Records from a dataset:
============

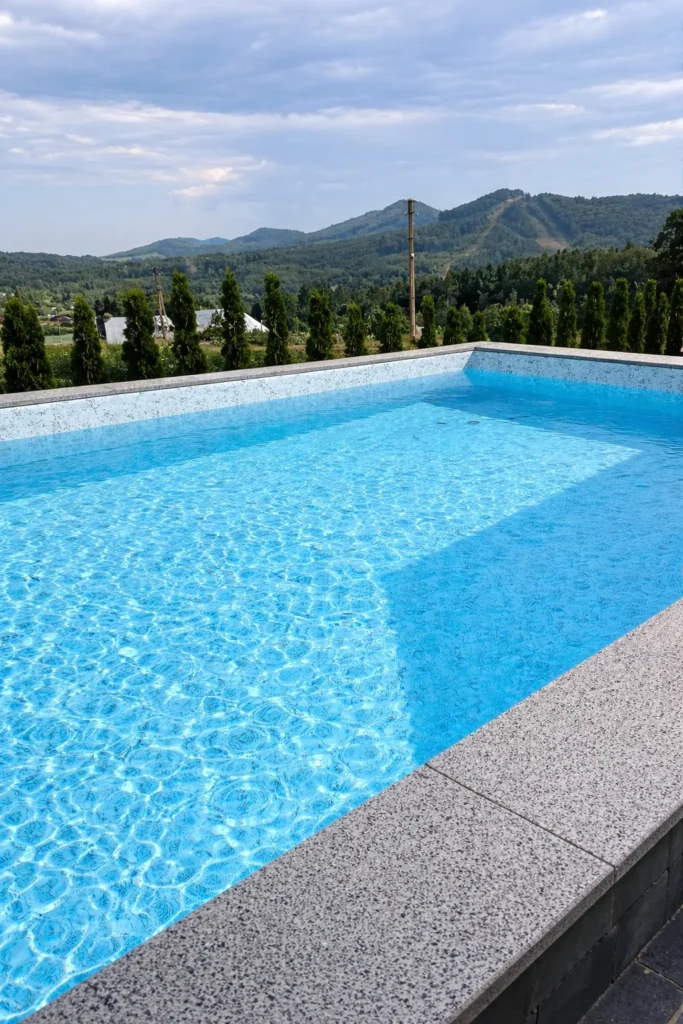 Будівництво басейнів та СПА pfpool-budivnycztvo-basejniv-13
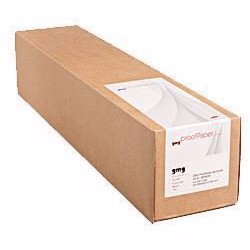 GMG ProofMedia Studio Newspaper 76g, 24" x 50 meter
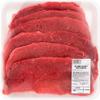 Salutem Vita - Top Round Thin Cut, 3 lbs - Pack of 2 view 2
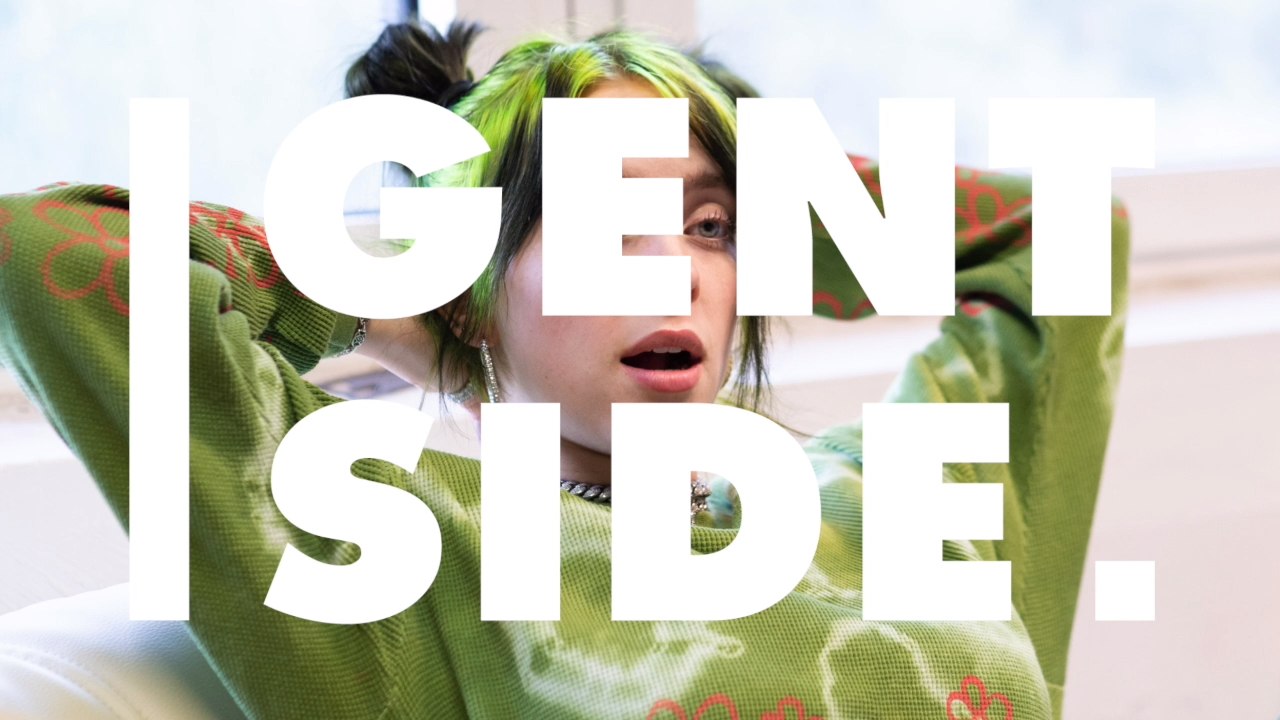 Billie Eilish se confie suite à sa blessure lors d'un concert à Milan : "J'ai 17 ans et p***** mon corps est brisé"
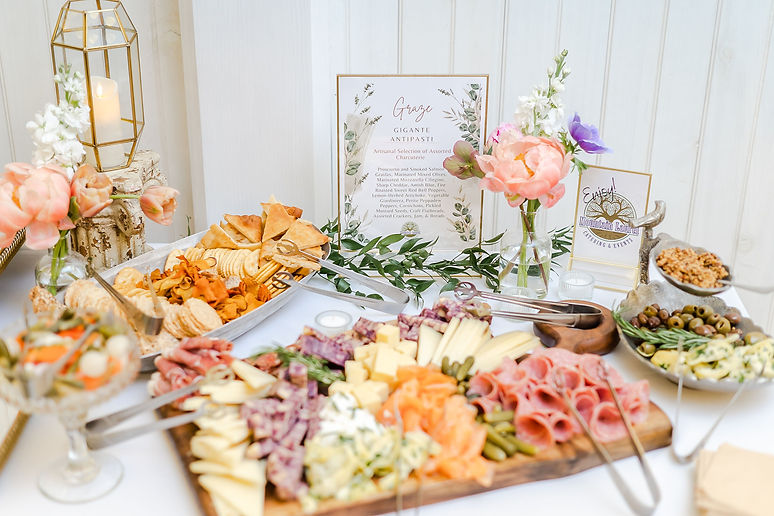 antipasti 5.jpg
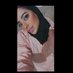 hala (@hkalali91) Twitter profile photo hala (@hkalali91) Twitter profile photo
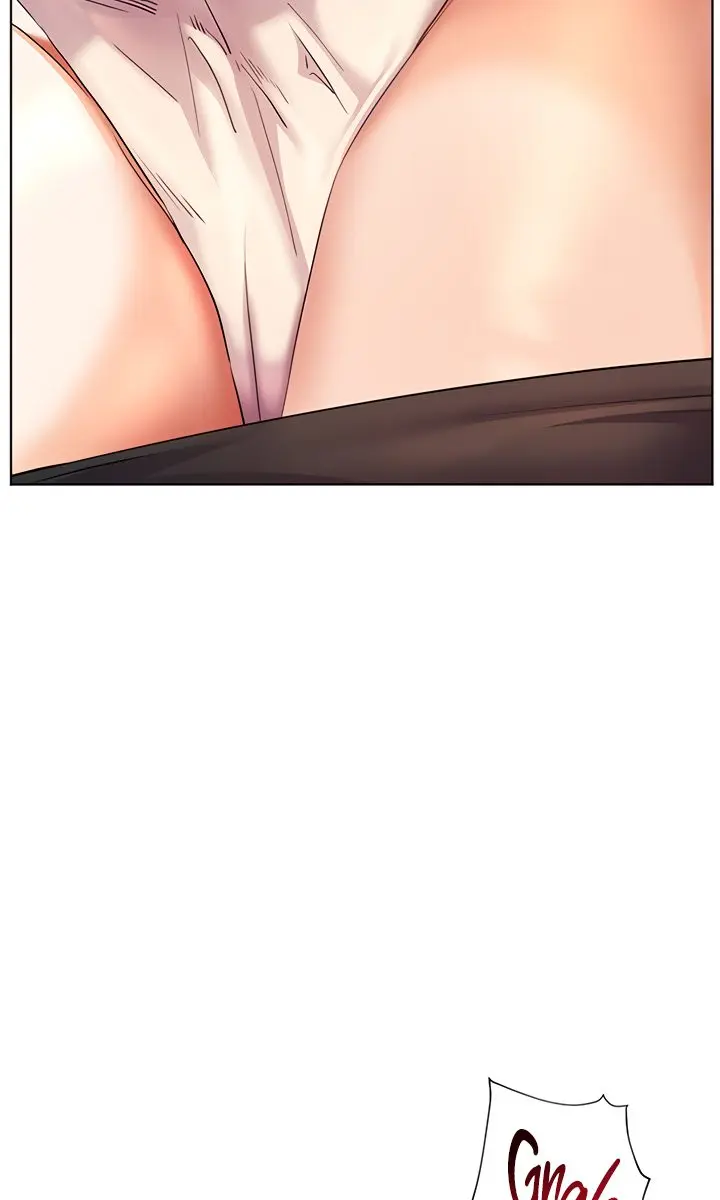 Teacher's Efforts Chapter 36 Page 61
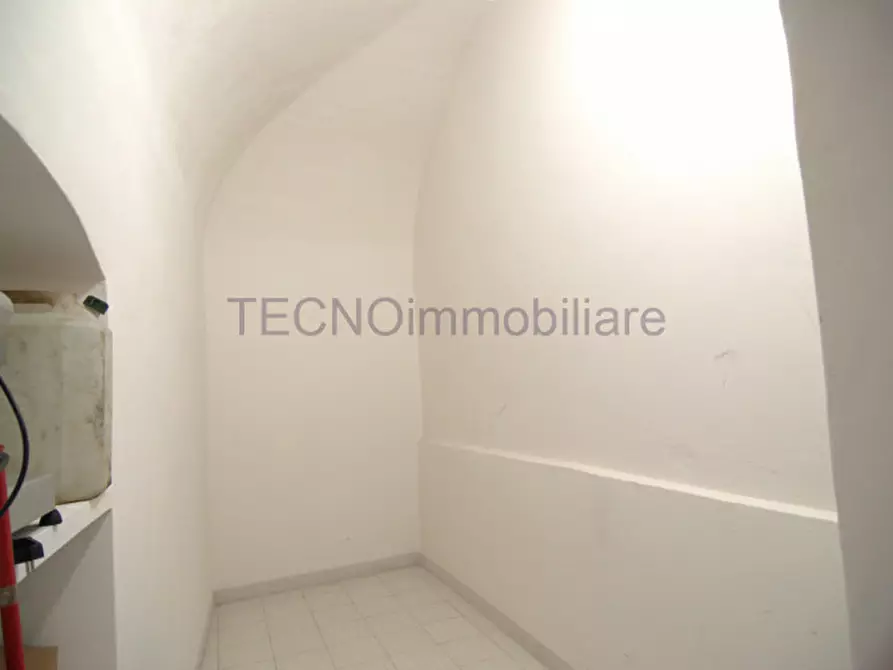 Immagine 13 di Appartamento in vendita  in corso vannucci a Perugia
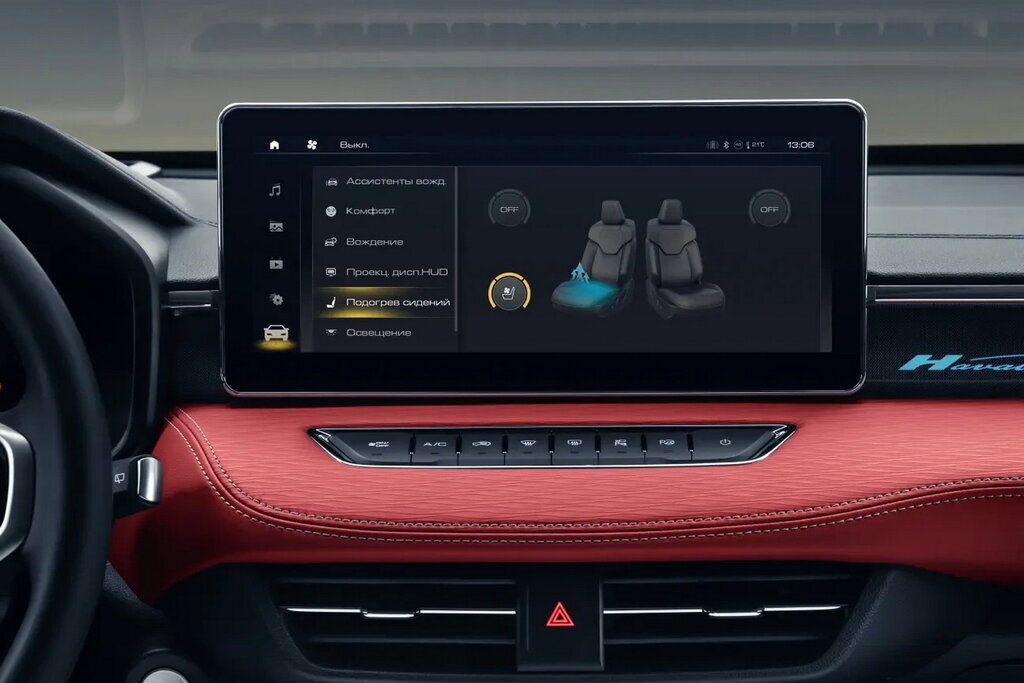 Nissan qashqai 2020 interior. Hyundai solaris ii 2017. Хёндай солярис 2020 новый кузов. Новая киа рио 2022. Lada xray салон.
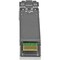 Startech.Com Cisco SFP-10G-SR-S Comp. SFP+ 10GbE DDM SFP10GSRSTTA - alternate 1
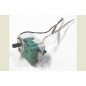 Thermostat bi-bulbes BBSC 425mm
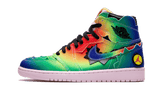 Jordan 1 Retro High J Balvin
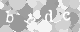 Please type the characters of this captcha image in the input box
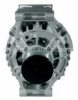 EUROTEC 12042520 Alternator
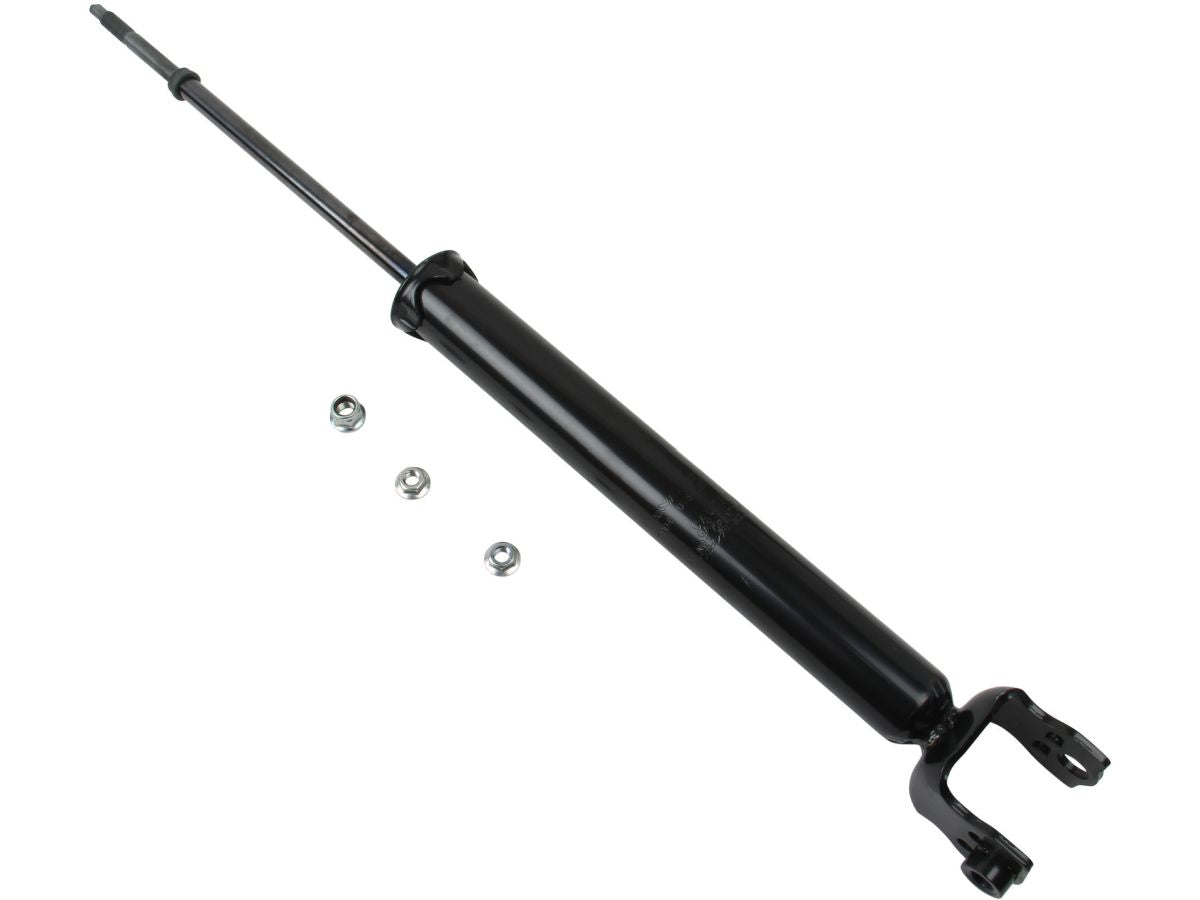 Genuine Parts Company Shocks 56210AR087 Item Image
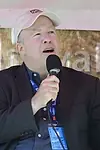 Актёр Марк Дэннер — превью фото персоны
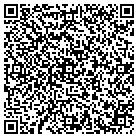 QR code with Mizz Margarets Day Care Inc contacts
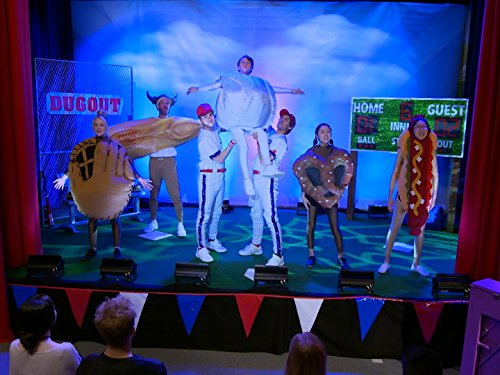 Фото - : 500x375 / 47 Кб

============

=== Exercise description ===
Print the records above word for word, omitting any picture they contain.

=== Completed task ===
 Будівництво басейнів та СПА pfpool-budivnycztvo-basejniv-13
 GMG ProofMedia Studio Newspaper 76g, 24" x 50 meter
 Salutem Vita - Top Round Thin Cut, 3 lbs - Pack of 2 view 2
 Billie Eilish se confie suite à sa blessure lors d'un concert à Milan : "J'ai 17 ans et p***** mon corps est brisé"
 antipasti 5.jpg
 hala (@hkalali91) Twitter profile photo hala (@hkalali91) Twitter profile photo
 Teacher's Efforts Chapter 36 Page 61
 Immagine 13 di Appartamento in vendita  in corso vannucci a Perugia
 Nissan qashqai 2020 interior. Hyundai solaris ii 2017. Хёндай солярис 2020 новый кузов. Новая киа рио 2022. Lada xray салон.
 Startech.Com Cisco SFP-10G-SR-S Comp. SFP+ 10GbE DDM SFP10GSRSTTA - alternate 1
 Thermostat bi-bulbes BBSC 425mm
 Jordan 1 Retro High J Balvin
 Please type the characters of this captcha image in the input box
 EUROTEC 12042520 Alternator
 Genuine Parts Company Shocks 56210AR087 Item Image
 Актёр Марк Дэннер — превью фото персоны
 QR code with Mizz Margarets Day Care Inc contacts
 Фото - : 500x375 / 47 Кб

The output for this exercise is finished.